(Short web captions)
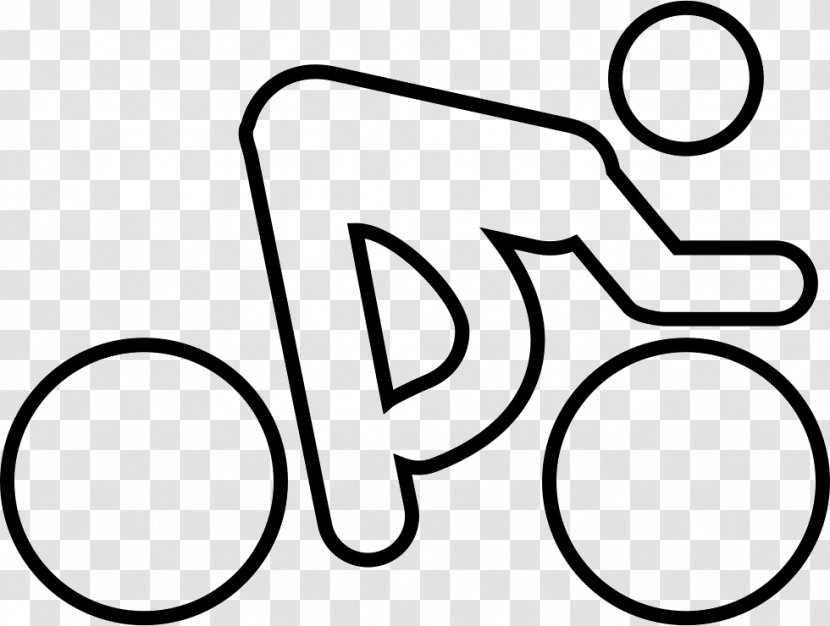Cycling Sport Symbol - Monochrome Photography Transparent PNG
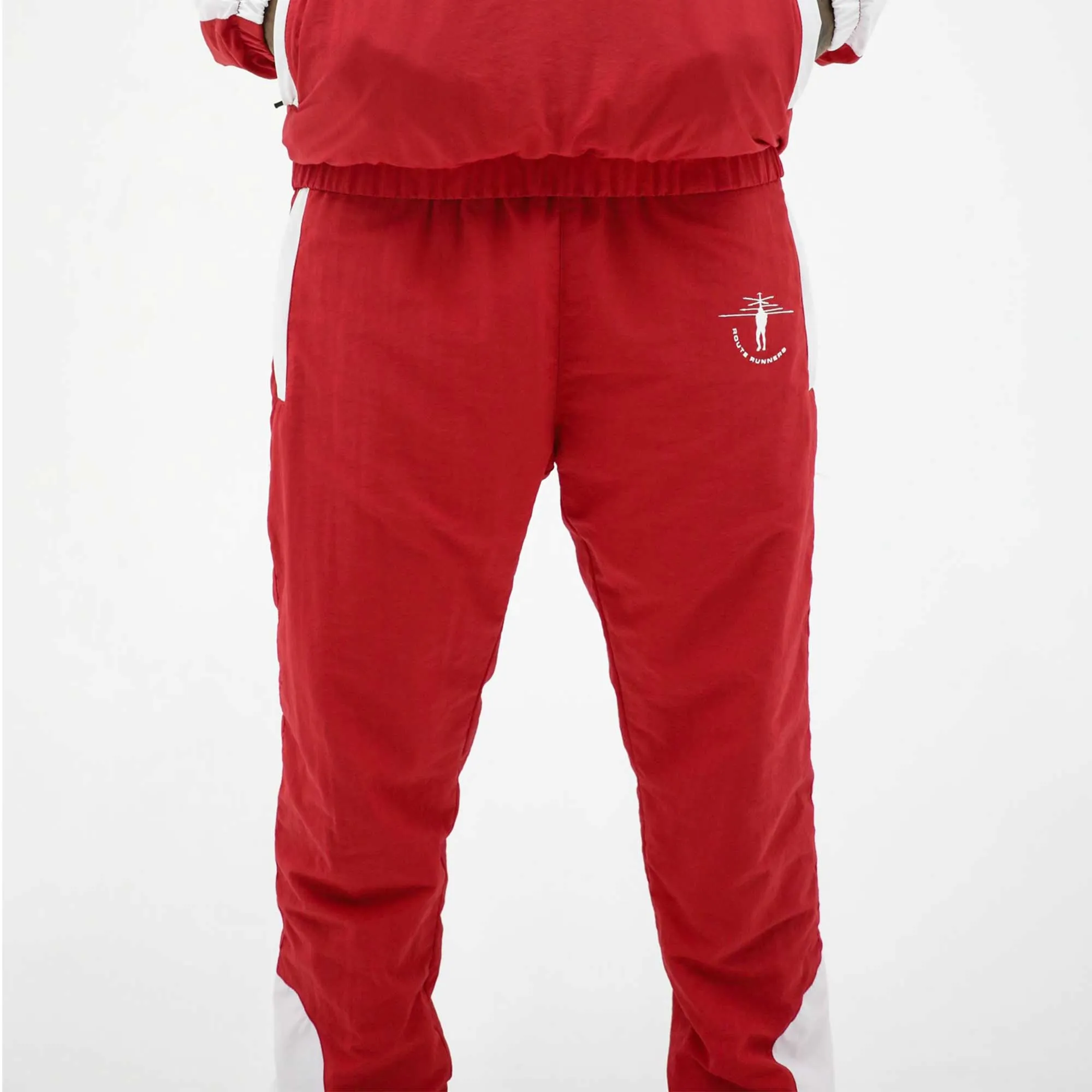 Route Runners Tracksuit Pants - (Red/White)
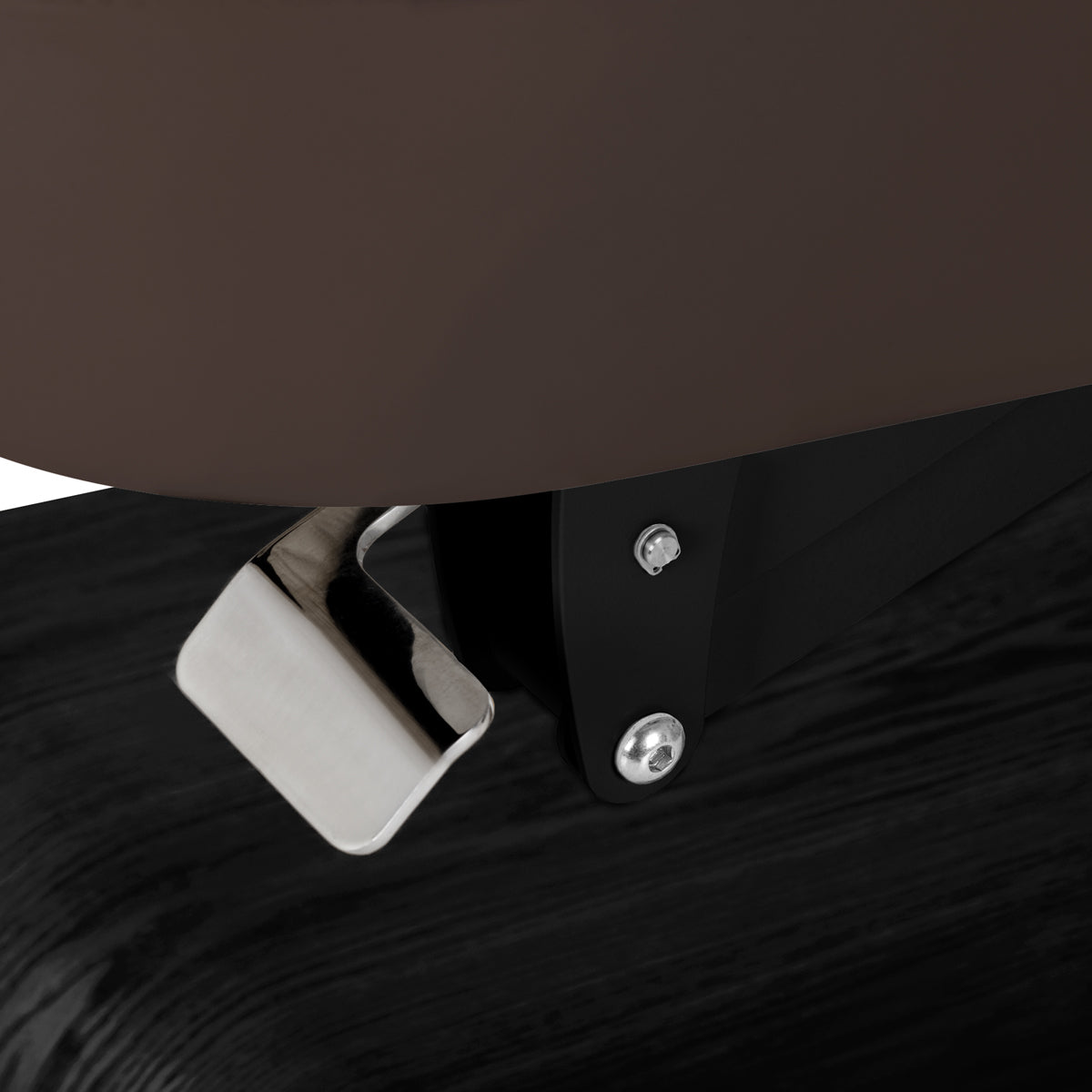 SPA lounger Sillon Relax dark brown with black base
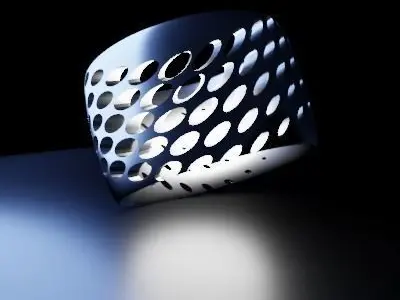 The WaveRing wall light with holes in it Free 3D print model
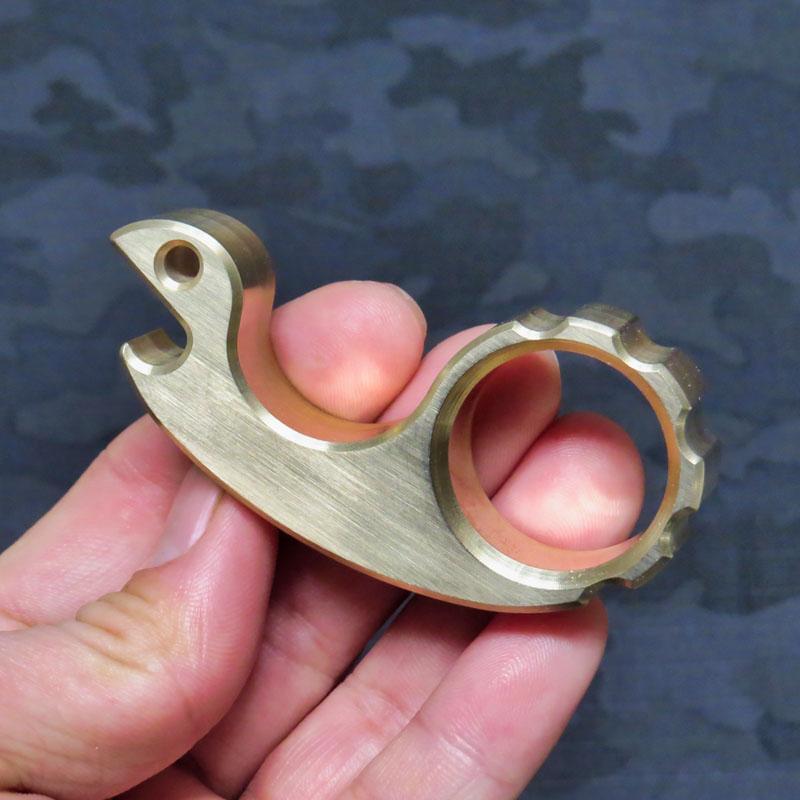 2019 Small Snail Real Brass One Finger Brass Knuckles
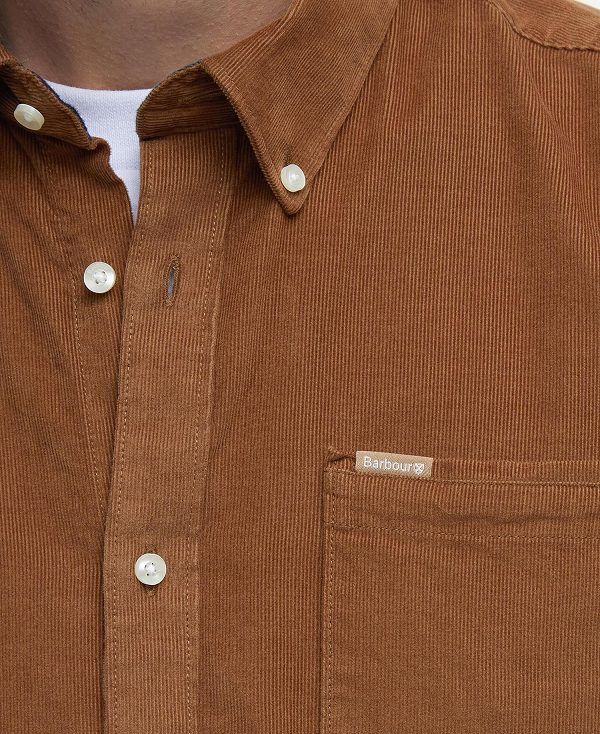 Barbour Ramsey Tailored Fit Shirt Russet Brown | BABO87791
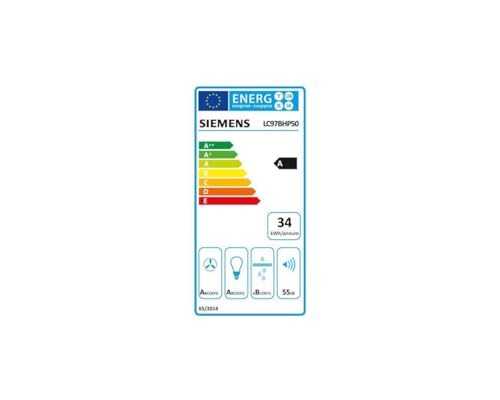 SIEMENS Hotte décorative 90 cm inox et verre 718 m3h LC97BHP50 - vue 8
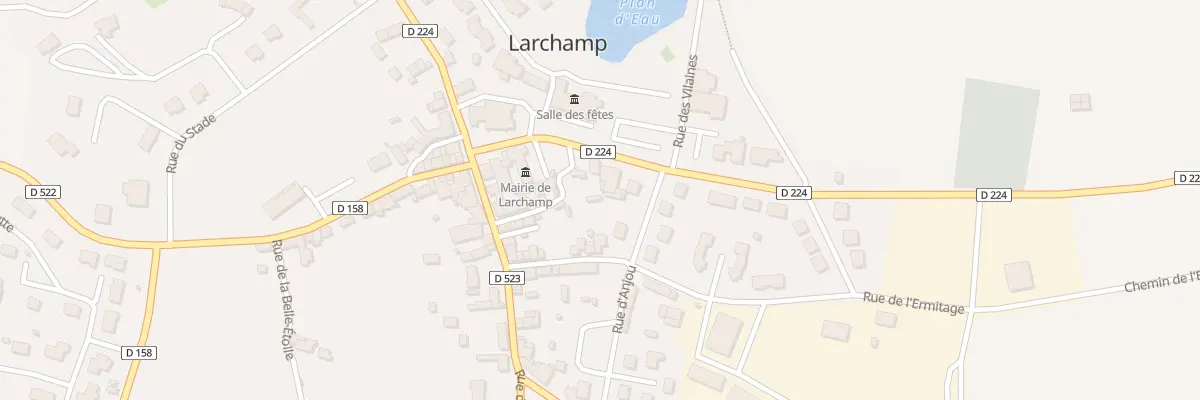 Plan du 6 Rue du Levant à Larchamp
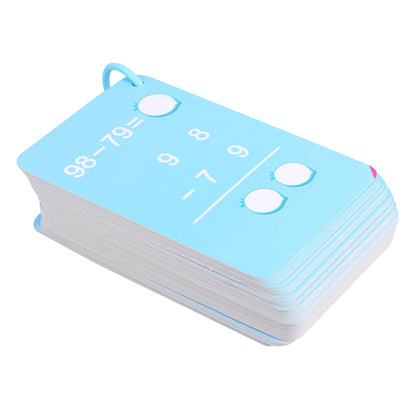 1 Set of Educational Math Flash Cards Set for Kids Early Learning(Plus or Minus in 10's)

• Instructions for the task: Keep the pictures out of the copy and return the rest of the data above exactly.

• Answer box:
Cycling Sport Symbol - Monochrome Photography Transparent PNG
 Route Runners Tracksuit Pants - (Red/White)
 SPA lounger Sillon Relax dark brown with black base
 The WaveRing wall light with holes in it Free 3D print model
 2019 Small Snail Real Brass One Finger Brass Knuckles
 Barbour Ramsey Tailored Fit Shirt Russet Brown | BABO87791
 SIEMENS Hotte décorative 90 cm inox et verre 718 m3h LC97BHP50 - vue 8
 Plan du 6 Rue du Levant à Larchamp
 1 Set of Educational Math Flash Cards Set for Kids Early Learning(Plus or Minus in 10's)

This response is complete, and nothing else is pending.